Где‐то в громадной карательной машине не зацепились колесики. Большая Лубянка, которая по настоянию самарского УКГБ приказала МВД перевести меня в Благовещенск, не сочла нужным поставить в известность о причинах перевода опера Благовещенского СИЗО – тем более психиатров СПБ, и они, пребывая в неведении, продолжали задавать мне все тот же странный вопрос.

Ответ же на него был очень прост и лежал на поверхности. После свидания с мамой в Казани Любаня передала информацию в «Хронику текущих событий» – наверное, открытым текстом по телефону, – после чего самарские чекисты запаниковали. С точки зрения секретности информации Казань была учреждением крайне ненадежным. Туда каждый месяц можно было приехать на свидание, а самарские зэки освобождались на родину, так что могли уже в деталях описать, чем, кого и за что убивали нейролептиками. Понятно, что самарских чекистов все это сильно расстраивало.

Исправили ситуацию запросом в КГБ СССР, который в свою очередь приказал МВД услать меня в Благовещенск. Отправить в Благовещенск самолетом, как было положено по закону, КГБ не подумал – видимо, считая этап через пять тюрем и всю Сибирь очередной «педагогической» мерой для антисоветчика.

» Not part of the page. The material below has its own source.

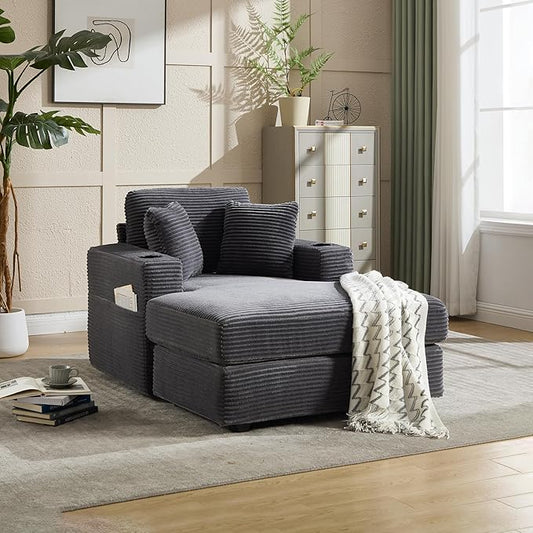 KEIKI Oversized Accent Chair with Ottoman, Chaise Lounge Chair Indoor with Cupholders, Oversized Sofa Bed, Deep Seat Sleeper Couch Reading Chairs for Living Room, Gray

Благовещенск был удобен сразу по многим причинам. Во-первых, он был далеко. Обычное письмо шло до Самары 10–12 дней. Во-вторых, отправиться в Благовещенск на свидание требовало решения сложной логистической задачи, главной частью которой было получить разрешение в том же КГБ – Благовещенск находился в «пограничной зоне». Авиабилеты тоже были дороги.

Наконец, Благовещенская СПБ была известна как более глубокий круг ада – и это было личной местью следственной части самарского УКГБ за все мои «отказываюсь отвечать».

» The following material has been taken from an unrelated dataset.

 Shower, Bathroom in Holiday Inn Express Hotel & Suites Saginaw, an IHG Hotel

Однако пропажа определения меняла правила игра. Пока что это играло мне на руку. Как использовать это в дальнейшем – было задачей, стоявшей уже передо мной.

В размышлении над этим уравнением со многими неизвестными я и проводил бо́льшую часть времени в камере № 4. Здесь я занимал место на койке, стоявшей у стены, голова к голове с койкой Голубева. Моя койка стояла углом к койке Ивана Сальникова, который спал на самом холодном месте, под окном.

Ивану было лет под сорок, и это был странный человек. До ареста он вроде бы был простым рабочим-строителем. Его преступление было «хрестоматийным» для российских тюрем. За распитием водки поссорился с собутыльником и чуть того не убил. Таких полно в каждой тюрьме, их можно встретить чуть ли не в каждой камере. Как рассказывал Иван, собутыльник – и, кстати, его лучший друг – сам сначала схватился за топор, Ивану удалось топор вырвать и первым ударить нападавшего по голове. Обычно такие истории стоило делить на два, но Иван демонстрировал на редкость добрый нрав и никогда не врал. Однако некоторые его рассказы были довольно странными.

Например, Иван утверждал, что еще до ареста у него проявлялись своего рода способности всевидения, и он мог слышать и видеть то, что происходило за стеной и вообще вдали. Удивил рассказ о том, как однажды, возвращаясь домой и еще поднимаясь по лестнице, он «увидел», что у жены сидит в гостях ее подруга и они беседуют как раз о нем. Войдя в квартиру, Иван повторил им все, что «слышал», – его изложение слово в слово совпало с тем, что говорили они.

Свои способности Иван демонстрировал и в камере № 4. Хотя, как признавал сам Иван, после нейролептиков они серьезно ослабли. Иногда он мог предсказывать меню обеда и ужина – самое важное для голодных зэков, – пусть никакой закономерности там вычислить было нельзя.

Однажды, выслушав от Голубева, что тот будет просить на обходе Царенко перевести его в отделение, где можно будет курить, Иван уверенно сказал, что Быка сегодня на обходе не будет. Объяснить свою уверенность он не мог – но, когда врачи явились на обход, Царенко среди них, действительно, не было. Предчувствовал Иван и последующие события, более важные.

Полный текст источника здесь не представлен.